Letter to the Editor – “Unsafe Water, Broken Promises, and No Path Forward”
Barbara Crimond | Jun 01, 2026 | Comments 0
Hartman is in a condition that Colorado law does not have a name for. We are a statutory town with no statutory function, a municipality with no municipal authority, and a community left without governance, protection, or recourse. This is collapse, not dissolution. It is legal limbo, not legal closure. It is state‑induced paralysis, not state‑managed transition.
The most accurate description of what happened is this: the state did not dissolve Hartman. The county did not dissolve Hartman. No lawful dissolution process has occurred. Hartman is still a statutory town. But the state and county are treating Hartman as if it doesn’t exist. That is abandonment, not dissolution.
Despite what residents were told, Hartman has not been legally dissolved — it is still a statutory town, just one the state and county has chosen to abandon.
What has the State of Colorado given Hartman that we didn’t already have? The short answer is simple: nothing. Not one thing that improves our water, our safety, our rights, or our daily lives.
Before the state abandoned Hartman, we had unsafe water. After abandonment, we still have unsafe water. The state has not provided a single improvement to the water system. Before abandonment, we
had no functioning government. After abandonment, we still don’t. The state did not give us governance — it removed it. Before abandonment, we had no emergency intervention. After abandonment, we still don’t. The state has not stepped in to protect public health.

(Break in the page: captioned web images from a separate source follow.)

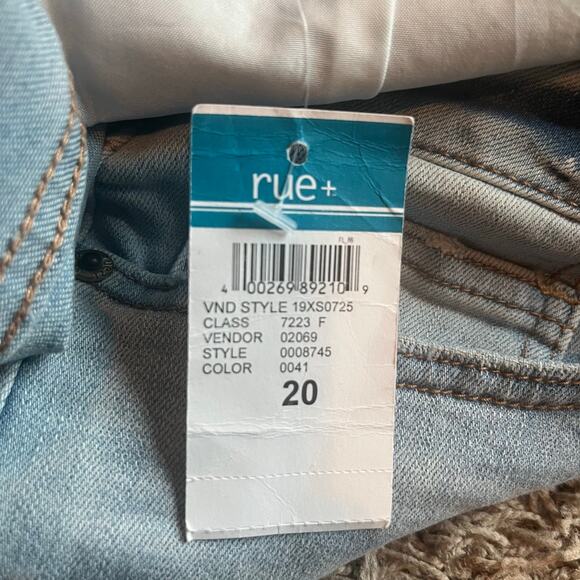 NWT! Rue 21 Light Wash Distressed High Rise Shortie Jean Short Size 20 - Picture 4 of 10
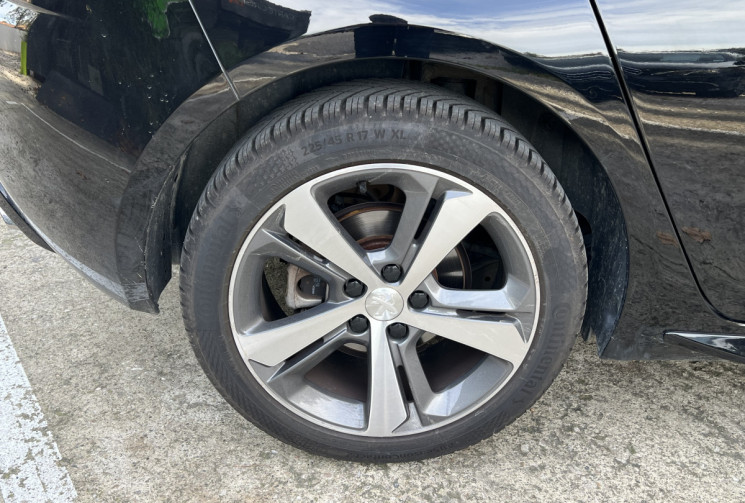 Peugeot 308 1.2 Puretech 130 GT Line / Toit Panoramique / Carplay / Distribution OK / Keyless 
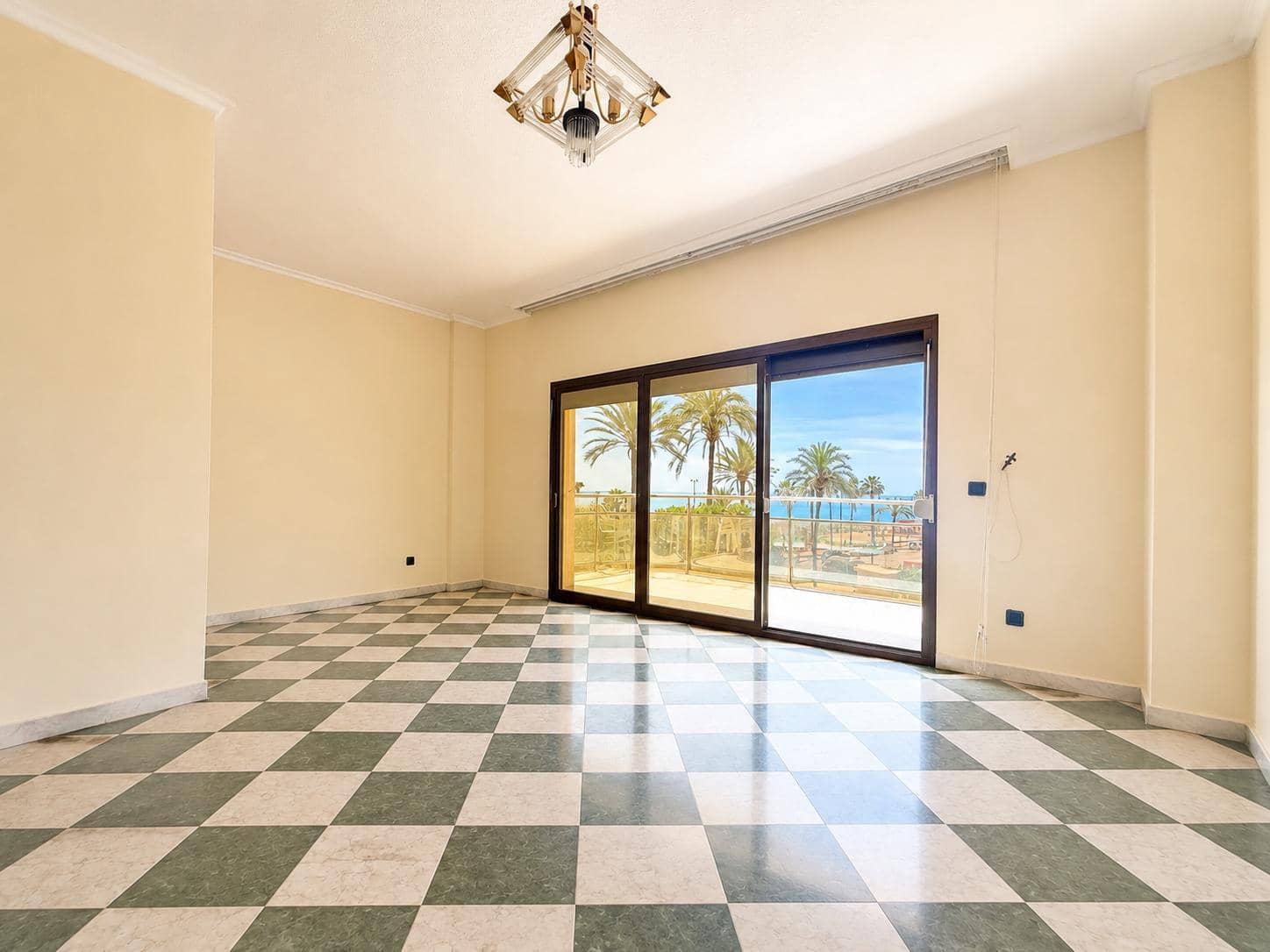4 makuuhuone Asunto myytävänä paikassa Torremolinos mukana uima-altaan 
autotalli - 995 000 € (Ref: 9782910)
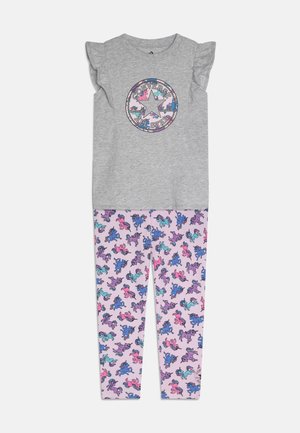 Szary bawełniany top z falbankowymi rękawami i okrągłą, kolorową grafiką. Pasujące różowe legginsy mają powtarzający się wzór jednorożca w odcieniach niebieskiego i fioletowego.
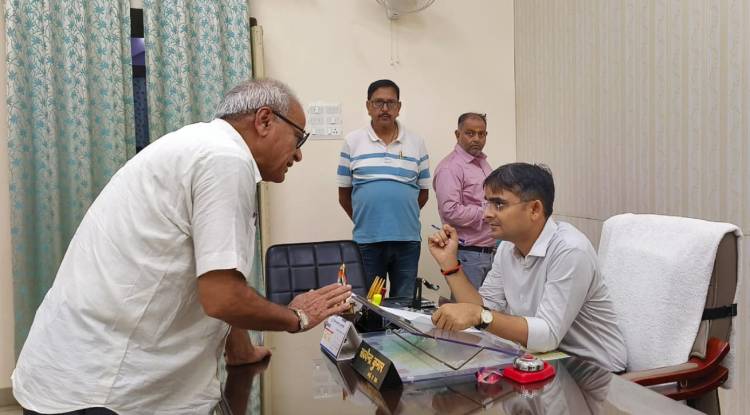डीएम ने जनता दर्शन में सुनी फरियादियों की समस्याएं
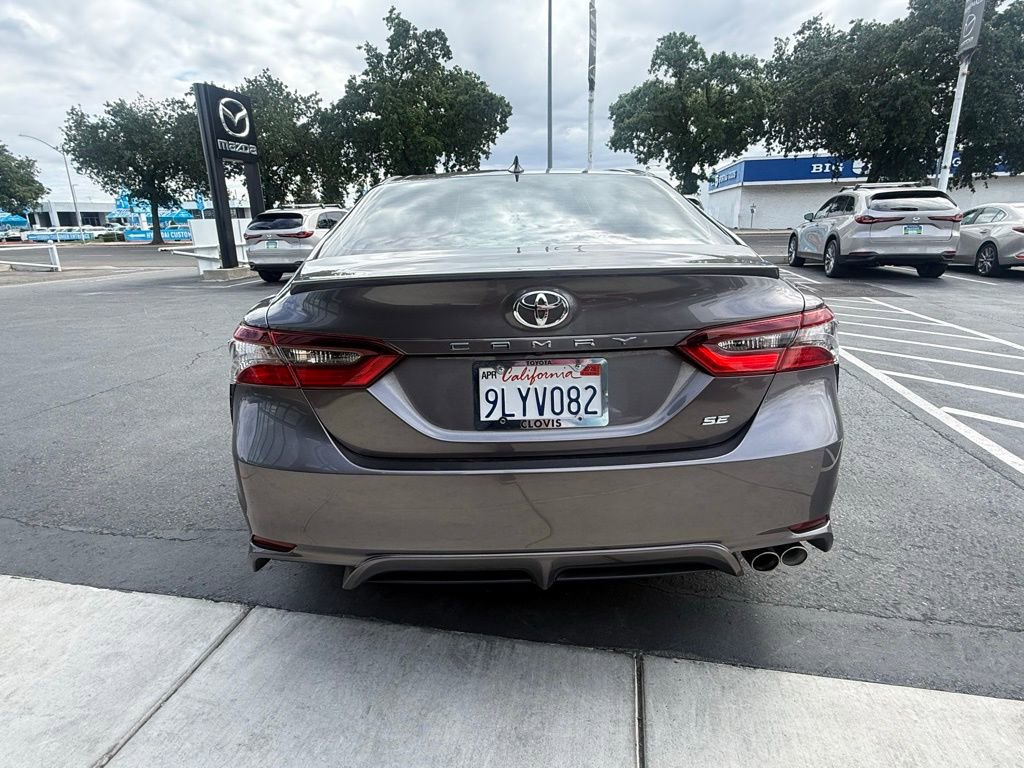 Used 2024 Toyota Camry SE image 4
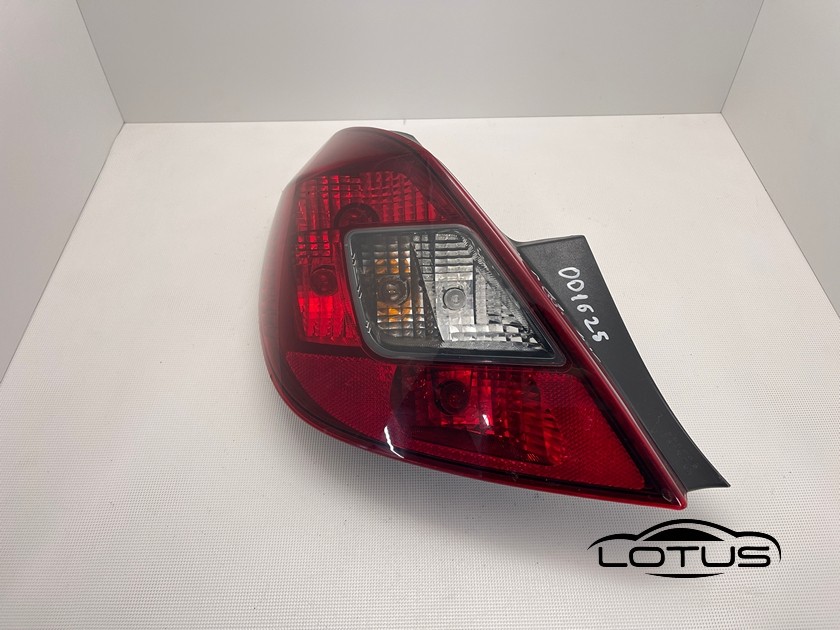 Lijeva štoplampa Opel Corsa D 4V 06-14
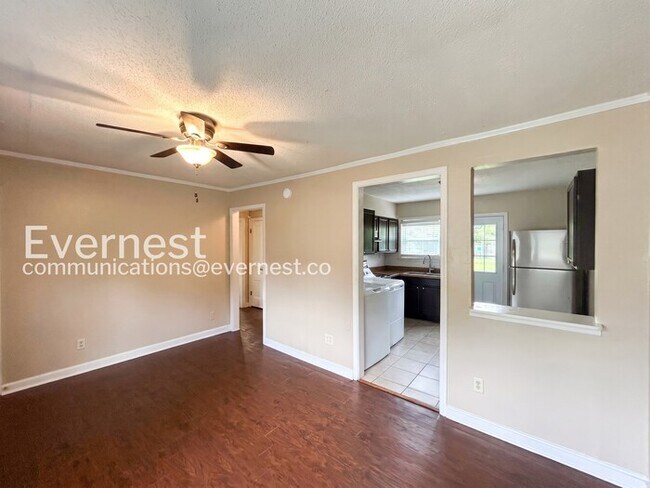 Foto del edificio - 4911 Buford Ave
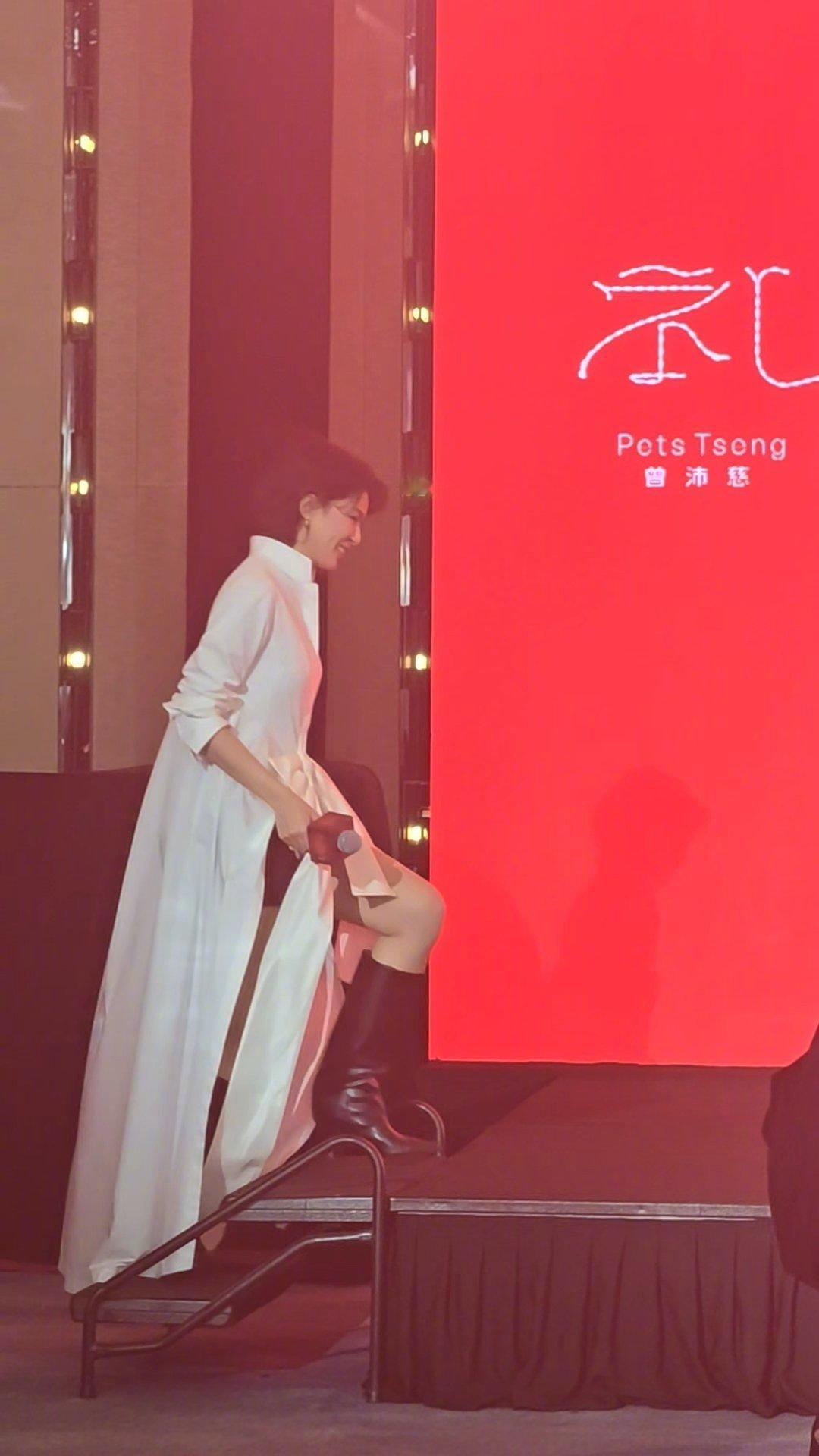Pets穿着这个大长风衣，好长一条人就这么大步迈进来，飒的不行[老师爱你][送花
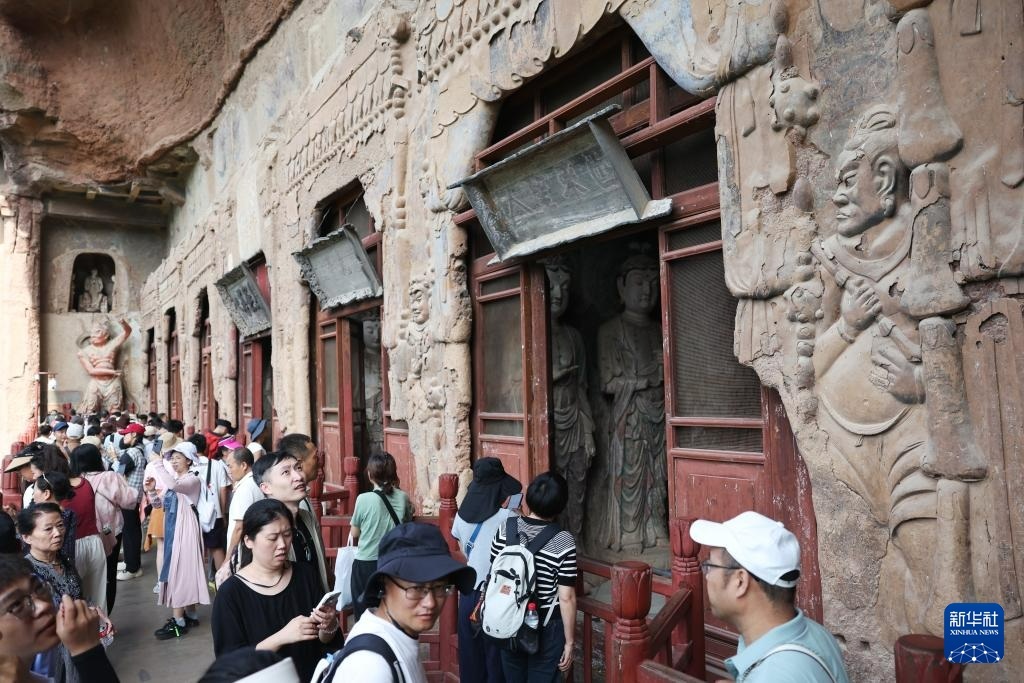 游客在麦积山石窟参观（7月16日摄）新华社记者　陈斌　摄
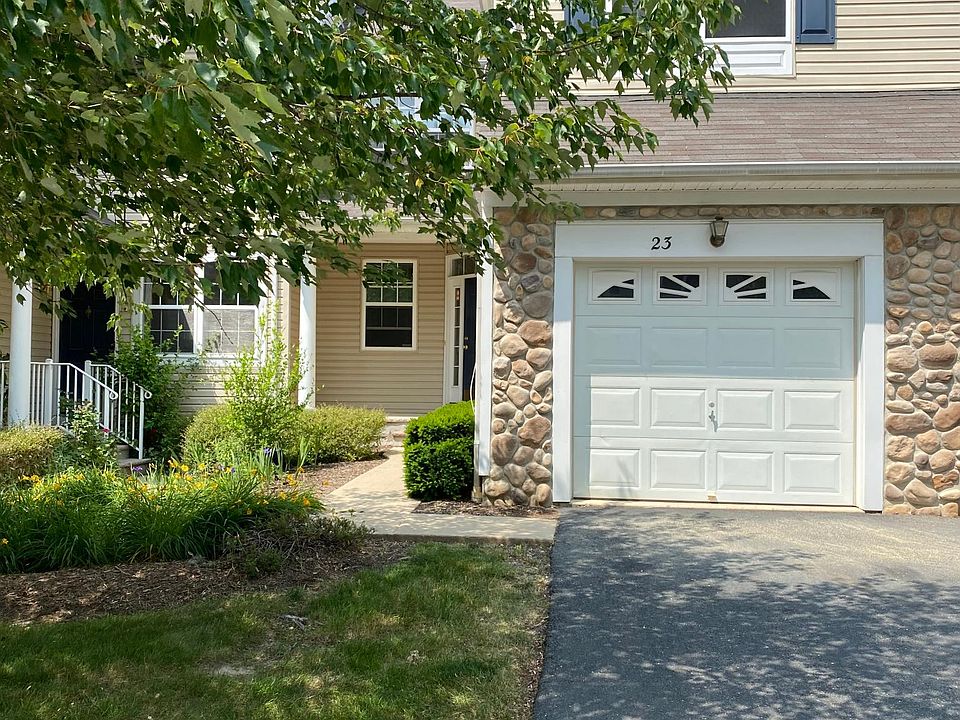 1st image of 23 Scarlet Oak Dr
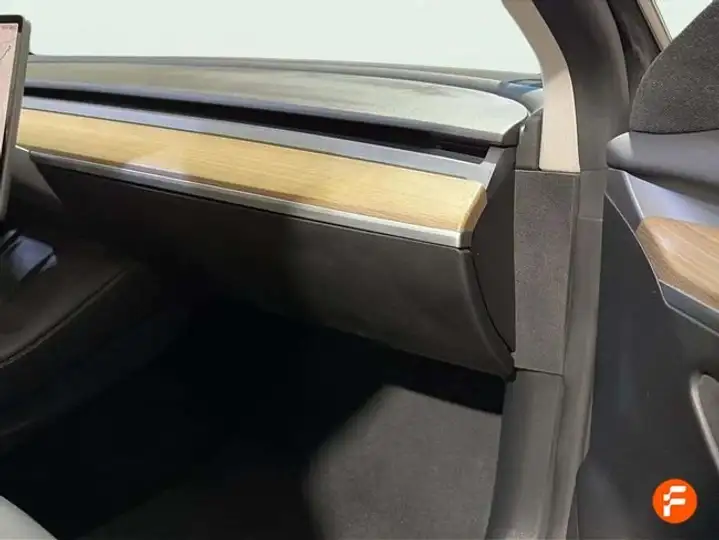 Tesla Model 3 2024, foto 25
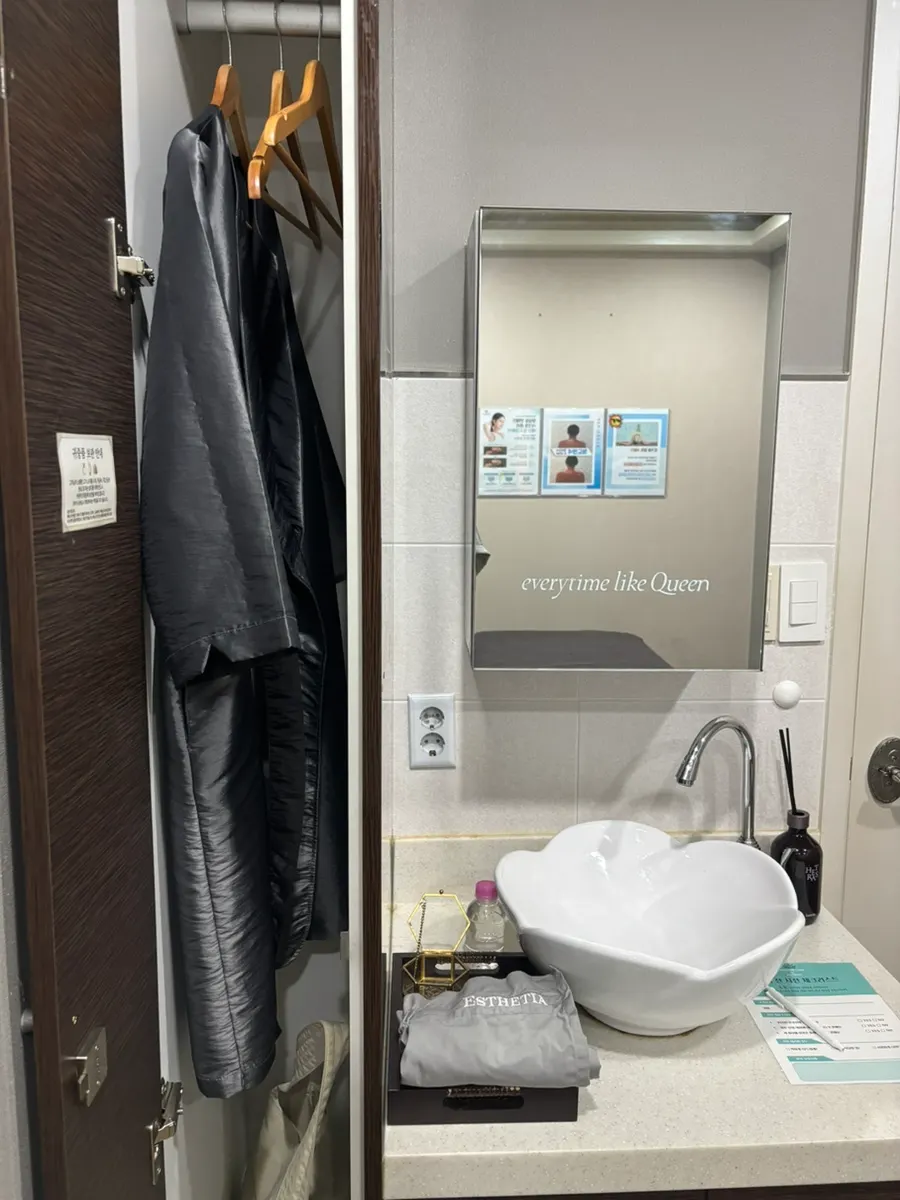 Sink and clothing lockers inside the private room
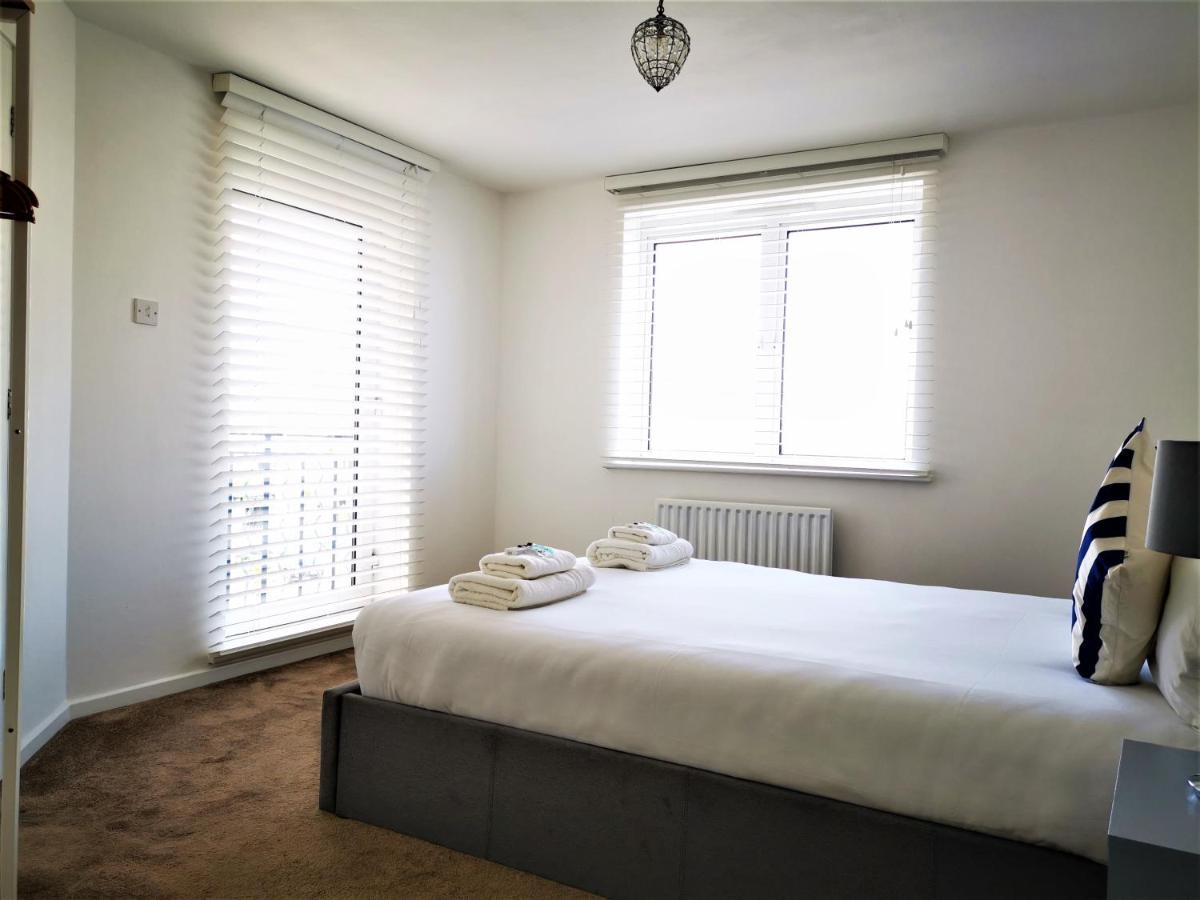 Апартаменты Marina Living With Parking, Balcony, Quiet And Secure Брайтонн Экстерьер фото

Before abandonment, we had a failing water system. After abandonment, we still have a failing water system — and the “solution” being offered is to push chlorine into the same broken tank we’ve been dealing with for years. That is not a fix. That is cosmetic compliance.
The state took our statutory rights away and gave nothing in return.
So, what did the state give us? Nothing we didn’t already have — except fewer rights, less control, and no path forward. The only thing that changed is that the state and county are now shielded from responsibility. The town is being erased. The problem is being politically neutralized. Residents have gained nothing. Institutions have gained protection.
Hartman residents were told that dissolving our town would finally bring us safe, potable water. That message was repeated by the county, by DOLA, by CML, and by our state senator and state
representative. People were scared and desperate, and they were led to believe dissolution was the only path to relief.
But today, after state abandonment, nothing has changed.
The county is still holding four years of Hartman’s property tax revenue. The State of Colorado is still withholding the grant money that was supposed to repair our water system. And our community is
living with the same failed tank, lack of chlorine in the water system, and the same unsafe water we have been dealing with off and on for years.
We were promised help. What we received was abandonment.
The “solution” being offered for our failed water system is to bring in a water operator to push chlorine into a system with a corroded tank. That is not a fix. That is not public health protection. It is the same failed practice we were living with before abandonment — nothing has changed.
Abandonment has not delivered clean water, financial transparency, or state support. It has only removed our local government, stripped us of our statutory rights, and shielded the county and the state from accountability for years of inaction.
Hartman residents deserve answers. We deserve transparency. We deserve safe water. And we deserve the truth about why the institutions that promised to help us have delivered nothing.
At this point, the actions of the county, the state, and the officials who promoted dissolution speak for themselves. Hartman residents were promised relief, but we are still living with unsafe water, withheld promises, and no path forward. I can only hope that when the time comes, voters look closely at what was said, what was promised, and what was actually delivered. Our community deserves leaders who protect residents, not institutions — and who stand with us when it matters most.